I recently moved from 22" AT Italia Presa to 20" OZ Giotto II PL. More info in my signature. Pictures of both below.
22" AT Italia Presa, H&R Springs








20" OZ Giotto II PL, H&R Springs


----------



## Kapoosh1 (Oct 28, 2002)

*Re: what wheels are you guys running? modded touareg pics please. (themacnut)*

Didn't realize how many modded T-regs are running around!
Great thread http://****************.com/smile/emthup.gif


----------



## jurbandesigns (Jul 25, 2006)

*Re: what wheels are you guys running? modded touareg pics please. (Kapoosh1)*

this is a great thread... I am supprised that this many have nice wheels and kits.
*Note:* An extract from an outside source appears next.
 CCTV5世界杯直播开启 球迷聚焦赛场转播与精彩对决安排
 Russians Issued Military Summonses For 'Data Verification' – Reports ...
Now why dont i see any you types in my area!!! i feel like i am the only one, lolz...


----------



## Bruno_Laurent (May 4, 2006)

*Re: what wheels are you guys running? modded touareg pics please. (henna gaijin)*


_Quote, originally posted by *henna gaijin* »_
Ahem ... Bruno, your roof racks are on backwards










Yes, I know, I've already received the remark before. I just happen to like them that way


----------



## kingco.kreuzer (Oct 25, 2003)

*Re: what wheels are you guys running? modded touareg pics please. (Bruno_Laurent)*

THIS IS THE GOODS.


----------



## Kapoosh1 (Oct 28, 2002)

*Re: what wheels are you guys running? modded touareg pics please. (jurbandesigns)*


_Quote, originally posted by *jurbandesigns* »_this is a great thread... I am supprised that this many have nice wheels and kits. Now why dont i see any you types in my area!!! i feel like i am the only one, lolz...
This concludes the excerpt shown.